Putting “nerd” in the title makes it sound a little adversarial, but I’m a proud nerd. If you’re reading this, and you’re not my mom, you probably discovered me thanks to a chain of events that started with an ambitious project made of LEGO. No one who has their work — made of LEGO — in magazines and newspapers and websites like Vanity Fair, People, and Mashable can pretend that they aren’t a nerd. And no one should.

This wasn’t my first convention. From the first year of my hometown convention, just a few blocks away from my house, to the Executor-class Star Destroyer hangar-sized hall of Star Wars Celebration, I’ve seen people from all walks of life surrounded by the things they love. For all of their personal flaws — my own included — the audience is there out of love.

Until today. My panel was done. This was the first time, and I’m a little out of my element as the moderator of a panel discussion, but it was a success. One of my oldest friends — we just crossed the twenty year milestone, which is apparently the Blu-ray anniversary — had joined me, and was commenting that she is hesitant to identify as a feminist. The label occasionally brings out a harsh reaction from certain people. It’s not exactly the surprise of the month.

But a feminist, to her, and to me, and to most reasonable people, is someone who wants equality for everyone. Simplified, yes, but accurate. From somewhere off to the side, in a costume and wearing an eyepatch a few inches too high, a response no one expected drifted through.

“I don’t.”

I laughed a little. I said that there are people who actually don’t think everyone should be equal.

Then I realized that eyepatch wasn’t joking.
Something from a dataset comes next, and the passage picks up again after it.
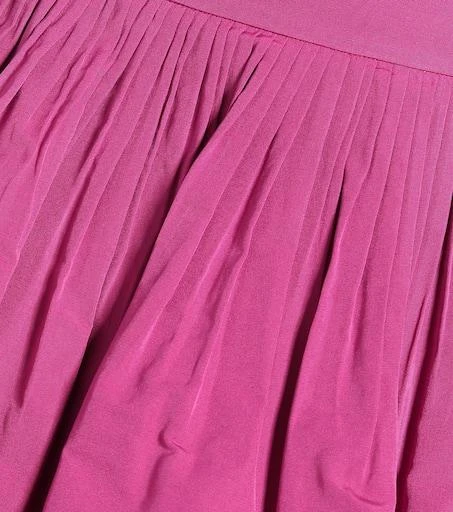 Valentino Valentino taffeta miniskirt 4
An unsolicited, anti-feminist response to someone having a conversation. It was like Twitter had come to life, but wasn’t a cute little blue bird like it should be. That was about six hours ago, and I’m still thinking about those two words. This isn’t someone who is ignorant of gender (or race) issues, or even someone who is simply complacent because they aren’t affected by them. This is an active choice to want one group of people to be lower than another.
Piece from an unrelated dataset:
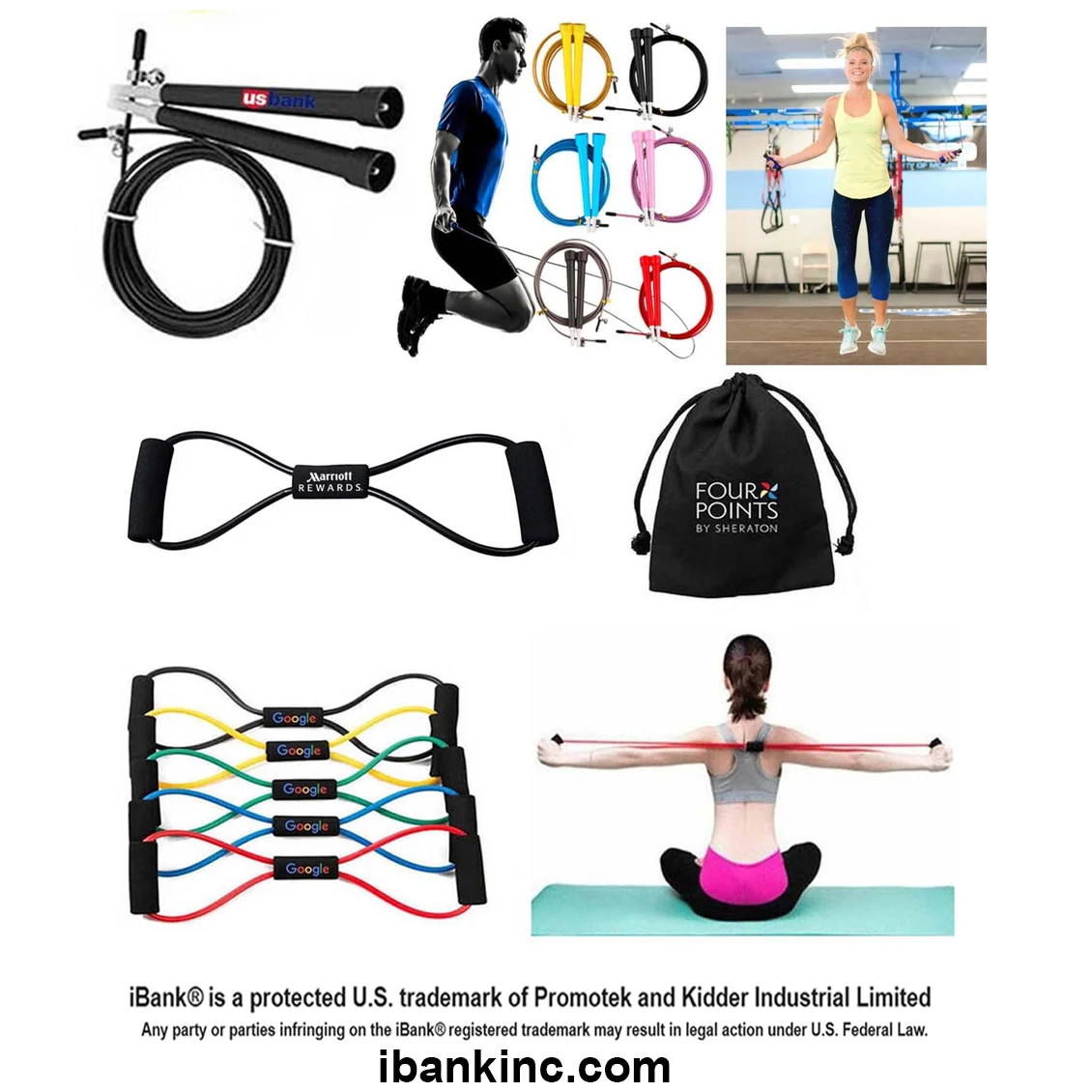 iBank ® Fitness Resistance Band + Jump Rope 1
I’m not a stranger to racist and sexist stuff. One of the benefits of my white male privelege is that other white men, those that happen to be racist and sexist, feel very comfortable sharing their thoughts with me, expecting me to agree with them. They’re disappointed when I don’t. But this time, the comments were not directed at me from the relative safety of a men’s locker room, but as a direct response to a woman speaking up.

Twitter, come to life.

Today was the first Stop Taking My Hand. It is definitely not the last.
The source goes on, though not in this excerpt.